**** Provided records ****

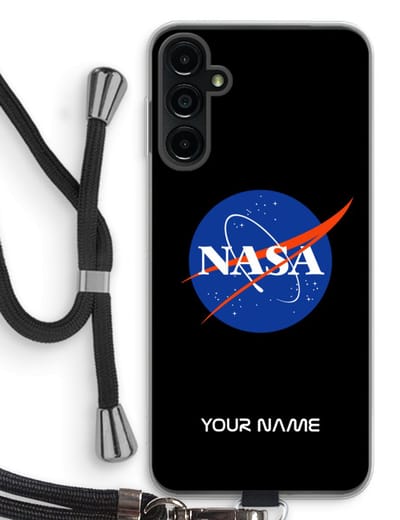Gepersonaliseerd - Case Company® - Hoesje met koord geschikt voor Samsung Galaxy A14 hoesje met Koord - NASA - Telefoonhoesje met Zwart Koord - Bescherming aan alle Kanten en Over de Schermrand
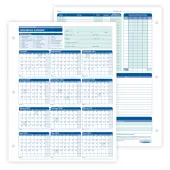 ComplyRight® 2025-2026 Fiscal Attendance Calendar, 8 1/2"" x 11"", Pack Of 50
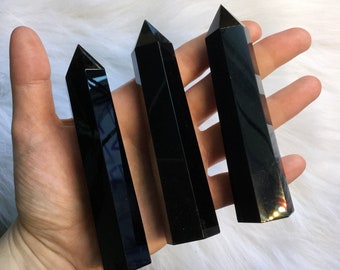 Obsidian tower point, black gemstone crystal,  4” Volcanic Glass, Tower obelisk for Altar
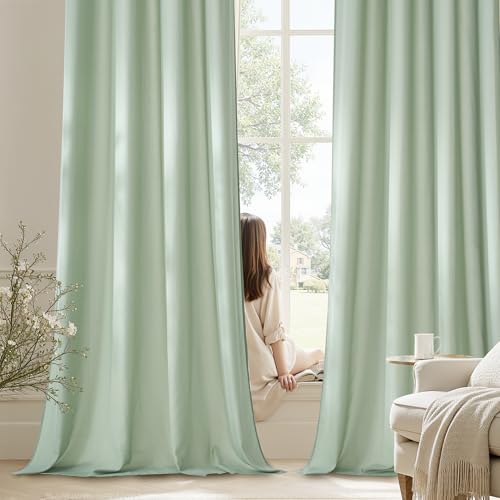 PONY DANCE Rideau Voilage Semi-Transparent avec œillets Protection Solaire Tissu Voile d'Intimité pour Decoration Fenetre Maison Porte, L 140 x H 220 cm, 2...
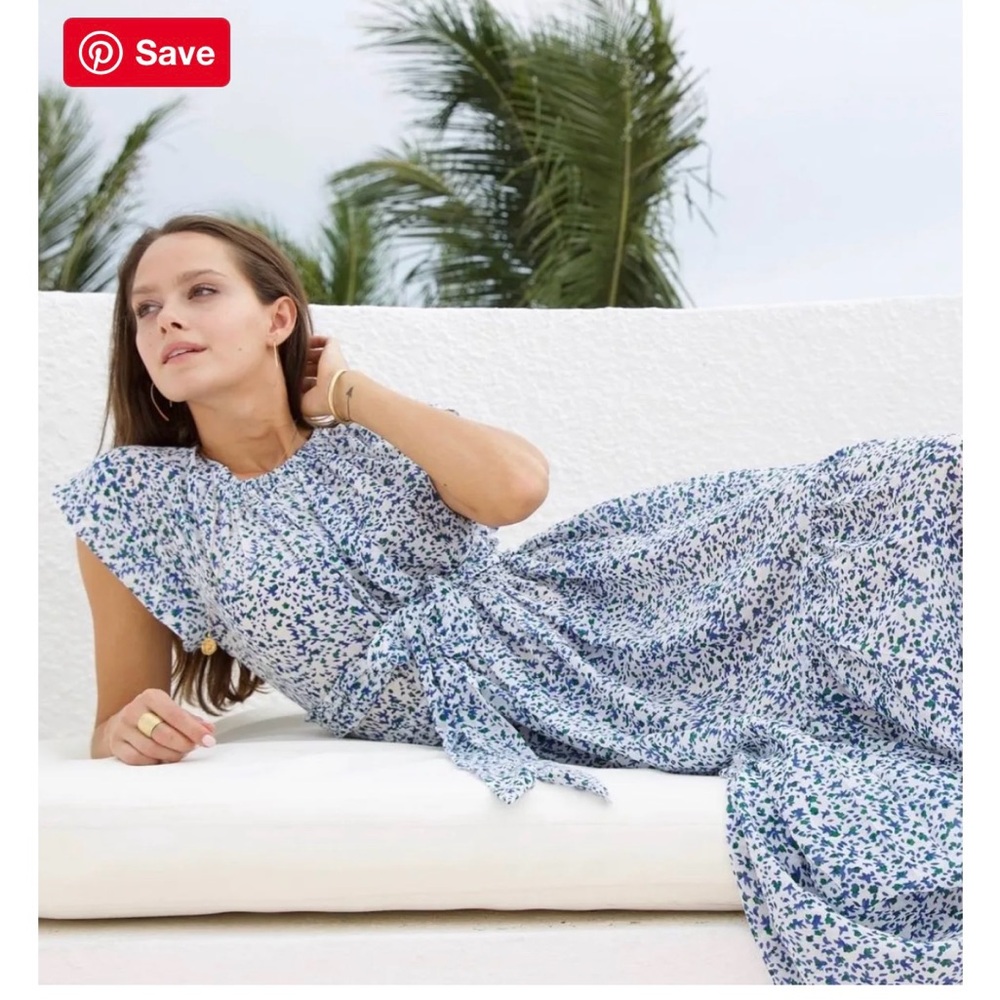 Chic Blue Floral Maxi Dress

****

** Directions for this task **
Please output the lines from the line that contains "Obsidian tower point, black" through the end of the records, both ends included, exactly and with no pictures.

** Completed task **
 Obsidian tower point, black gemstone crystal,  4” Volcanic Glass, Tower obelisk for Altar
 PONY DANCE Rideau Voilage Semi-Transparent avec œillets Protection Solaire Tissu Voile d'Intimité pour Decoration Fenetre Maison Porte, L 140 x H 220 cm, 2...
 Chic Blue Floral Maxi Dress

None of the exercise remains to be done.